MATERIAL PROVIDED:

- - -

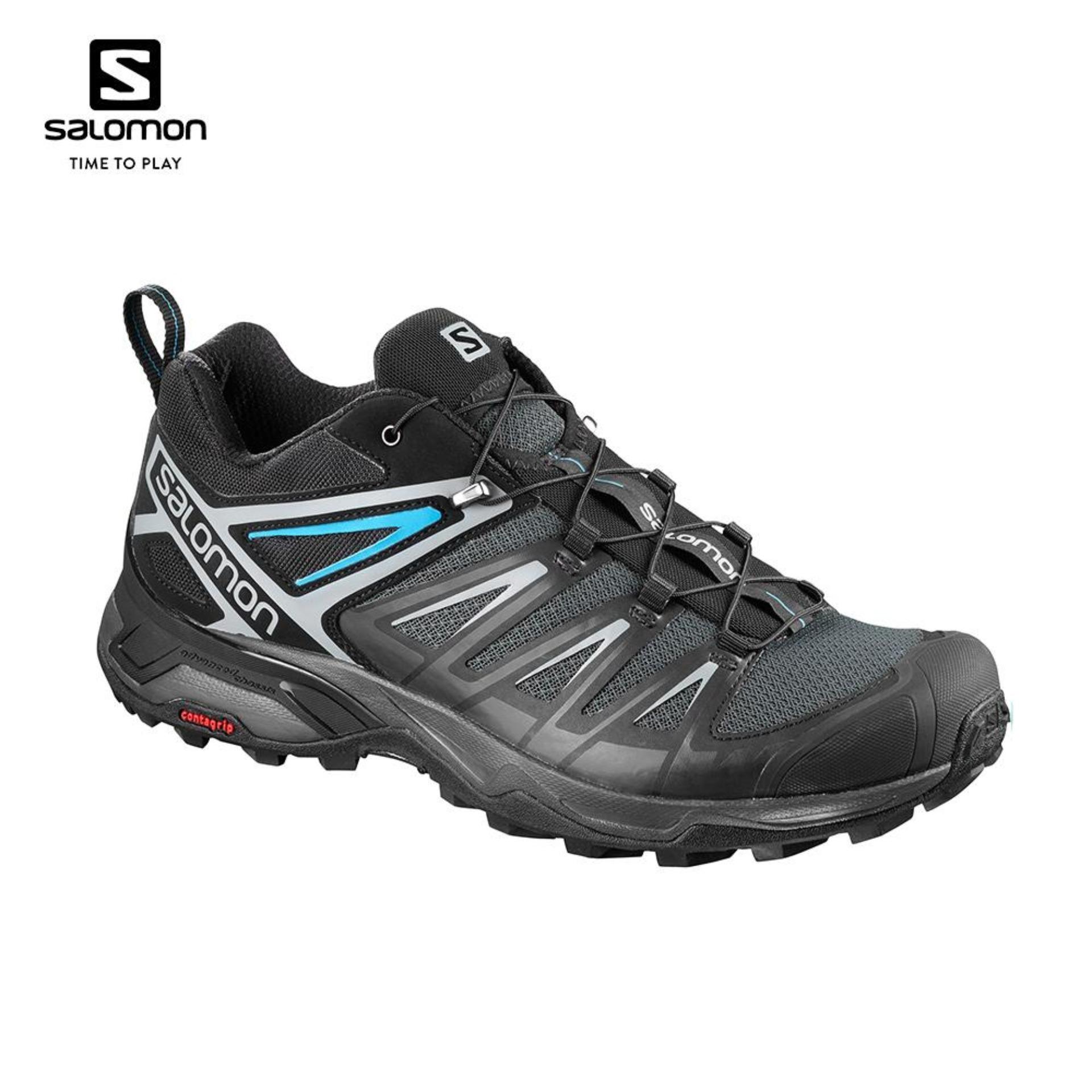 salomon mens shoes sale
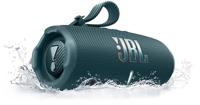 JBL Charge 6 Bluetooth speaker Blauw - thumbnail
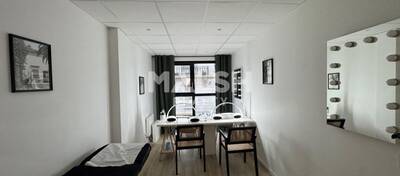 REXIM - Bureau - Loire - Saint-Étienne - 4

- - -

EXERCISE INSTRUCTIONS:
Output the listing unchanged, pictures excluded.

EXERCISE ANSWER:
 salomon mens shoes sale
 JBL Charge 6 Bluetooth speaker Blauw - thumbnail
 REXIM - Bureau - Loire - Saint-Étienne - 4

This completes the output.